Cuando en 1964 las Fuerzas Armadas dan el golpe que sepulta a Brasil en una dictadura de 21 años, Helder Camara permanece en su pequeña ``iglesia das fronteiras'', allá en Recife, donde hay zonas que sería simplista definir como subdesarrolladas o prehistóricas porque los hombres son felices si encuentran restos de comida en la basura.
``Y a esas gentes ¿qué quiere que les cuente yo? ¿Qué tienen que sufrir para ir al paraíso? La eternidad empieza aquí en la tierra, no en el paraíso'', confiesa a la periodista Oriana Fallacci en 1970. Sin embargo, no colgó los hábitos, como el cura guerrillero Camilo Torres. Pero tampoco cayó en la trampa de la ``justicia como ecuanimidad'' y los ``contratos sociales'' vagamente racionales sobre un tipo de justicia que ahora llaman ``equidad''.

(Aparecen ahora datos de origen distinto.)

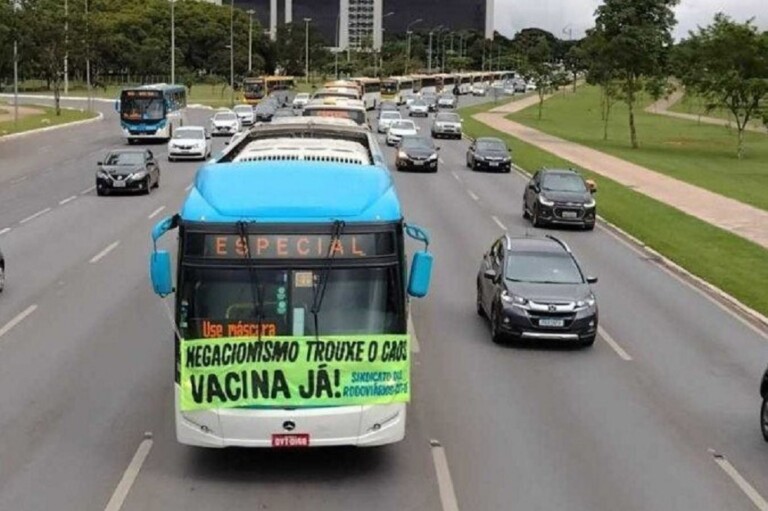 O protesto ocorre na Esplanada dos Ministérios - (crédito: Ed Alves/CB/DA Press)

En la entrevista, Helder Camara se mostró partidario del ``...socialismo de justicia y el derecho de tener rostros diferentes, cuerpos diferentes, voces diferentes y cerebros diferentes para que cada uno reciba lo esencial para vivir, siendo distinto...

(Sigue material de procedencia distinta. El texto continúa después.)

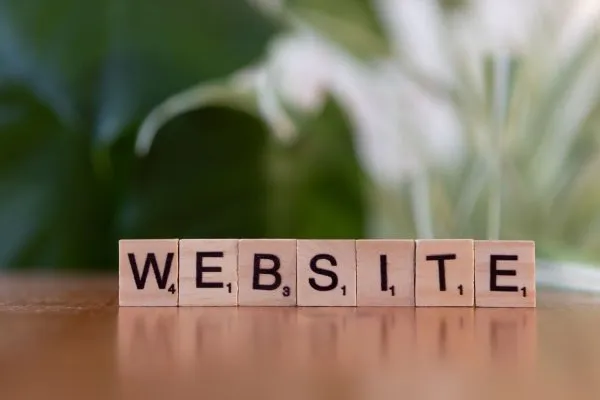 Strategi Optimasi Website: Meningkatkan Kinerja dan Visibilitas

``Lo peor --dijo-- es el silencio de la prensa, de los ciudadanos y la debilidad de nosotros los cristianos, demasiado habituados a inclinarnos ante el poder y las instituciones o bien, acostumbrados a callar... Yo, como religioso, no puedo aceptar ningún tipo de violencia. Pero yo detesto a quien permanece pasivo, a quien calla y amo sólo a quien lucha, a quien se atreve.
``Las religiones están en deuda con la humanidad pero la deuda más grave la tienen los cristianos, y entre ellos los católicos... Somos nosotros, los sacerdotes, los responsables del fatalismo con que los pobres se han resignado siempre a ser pobres, y los pueblos subdesarrollados a ser pueblos subdesarrollados... Yo, al cielo, quiero enviar hombres, no despojos. Y mucho menos despojos con el estómago vacío y los testículos machacados''.
Helder Camara dormía rodeado de gallinas que lo alertaban de quienes iban a ponerle bombas, o se acercaban para dispararle con metralla o escribían en color sangre ``Morte ao bispo rosso'' los muros de la iglesia, a los que repintaba una y otra vez con manos de cal. Todos los días recibía insultos y amenazas de muerte por teléfono.
--``¿Y por qué contesta usted?'' --, pregunta Fallacci.
--``Porque responder al teléfono es mi deber. Si me enojase con los hombres sería un sacerdote con el fusil a la espalda, que yo respeto mucho, pero no es mi elección. Podría ser cualquiera que se sintiera mal, que me necesitara, que pidiese ayuda. Soy un sacerdote, ¿si o no?''.